◆ Task goal: Reproduce every record exactly as written.

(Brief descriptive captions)
• • • •
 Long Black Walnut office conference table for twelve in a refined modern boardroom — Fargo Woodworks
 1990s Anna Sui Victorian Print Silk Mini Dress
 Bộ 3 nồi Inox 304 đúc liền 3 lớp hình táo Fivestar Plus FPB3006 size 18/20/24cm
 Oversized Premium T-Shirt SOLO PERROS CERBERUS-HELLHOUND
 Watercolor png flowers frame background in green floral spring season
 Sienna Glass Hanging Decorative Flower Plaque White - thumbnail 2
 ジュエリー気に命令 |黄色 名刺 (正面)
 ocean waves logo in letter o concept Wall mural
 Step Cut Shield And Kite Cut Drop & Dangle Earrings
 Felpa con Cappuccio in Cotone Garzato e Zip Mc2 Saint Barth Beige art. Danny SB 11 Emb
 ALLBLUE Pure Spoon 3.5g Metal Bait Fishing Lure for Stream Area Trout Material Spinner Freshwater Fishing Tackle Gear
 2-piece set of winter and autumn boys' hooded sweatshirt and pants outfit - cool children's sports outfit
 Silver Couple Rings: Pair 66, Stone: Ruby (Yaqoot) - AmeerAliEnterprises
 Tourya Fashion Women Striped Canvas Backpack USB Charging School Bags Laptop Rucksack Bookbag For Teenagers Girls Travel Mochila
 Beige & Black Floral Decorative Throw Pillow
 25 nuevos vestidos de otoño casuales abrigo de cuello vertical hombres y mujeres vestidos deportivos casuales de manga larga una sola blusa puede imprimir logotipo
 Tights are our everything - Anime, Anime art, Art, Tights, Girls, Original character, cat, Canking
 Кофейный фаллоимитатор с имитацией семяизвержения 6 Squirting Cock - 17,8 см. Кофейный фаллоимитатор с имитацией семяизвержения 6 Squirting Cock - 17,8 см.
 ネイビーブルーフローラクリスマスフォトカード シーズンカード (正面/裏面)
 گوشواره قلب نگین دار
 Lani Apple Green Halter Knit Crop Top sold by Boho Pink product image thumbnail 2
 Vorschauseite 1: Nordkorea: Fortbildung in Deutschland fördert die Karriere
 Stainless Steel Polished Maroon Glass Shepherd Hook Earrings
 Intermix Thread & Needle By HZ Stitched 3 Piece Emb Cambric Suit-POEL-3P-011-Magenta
• • • •
◆ Response box:
 Long Black Walnut office conference table for twelve in a refined modern boardroom — Fargo Woodworks
 1990s Anna Sui Victorian Print Silk Mini Dress
 Bộ 3 nồi Inox 304 đúc liền 3 lớp hình táo Fivestar Plus FPB3006 size 18/20/24cm
 Oversized Premium T-Shirt SOLO PERROS CERBERUS-HELLHOUND
 Watercolor png flowers frame background in green floral spring season
 Sienna Glass Hanging Decorative Flower Plaque White - thumbnail 2
 ジュエリー気に命令 |黄色 名刺 (正面)
 ocean waves logo in letter o concept Wall mural
 Step Cut Shield And Kite Cut Drop & Dangle Earrings
 Felpa con Cappuccio in Cotone Garzato e Zip Mc2 Saint Barth Beige art. Danny SB 11 Emb
 ALLBLUE Pure Spoon 3.5g Metal Bait Fishing Lure for Stream Area Trout Material Spinner Freshwater Fishing Tackle Gear
 2-piece set of winter and autumn boys' hooded sweatshirt and pants outfit - cool children's sports outfit
 Silver Couple Rings: Pair 66, Stone: Ruby (Yaqoot) - AmeerAliEnterprises
 Tourya Fashion Women Striped Canvas Backpack USB Charging School Bags Laptop Rucksack Bookbag For Teenagers Girls Travel Mochila
 Beige & Black Floral Decorative Throw Pillow
 25 nuevos vestidos de otoño casuales abrigo de cuello vertical hombres y mujeres vestidos deportivos casuales de manga larga una sola blusa puede imprimir logotipo
 Tights are our everything - Anime, Anime art, Art, Tights, Girls, Original character, cat, Canking
 Кофейный фаллоимитатор с имитацией семяизвержения 6 Squirting Cock - 17,8 см. Кофейный фаллоимитатор с имитацией семяизвержения 6 Squirting Cock - 17,8 см.
 ネイビーブルーフローラクリスマスフォトカード シーズンカード (正面/裏面)
 گوشواره قلب نگین دار
 Lani Apple Green Halter Knit Crop Top sold by Boho Pink product image thumbnail 2
 Vorschauseite 1: Nordkorea: Fortbildung in Deutschland fördert die Karriere
 Stainless Steel Polished Maroon Glass Shepherd Hook Earrings
 Intermix Thread & Needle By HZ Stitched 3 Piece Emb Cambric Suit-POEL-3P-011-Magenta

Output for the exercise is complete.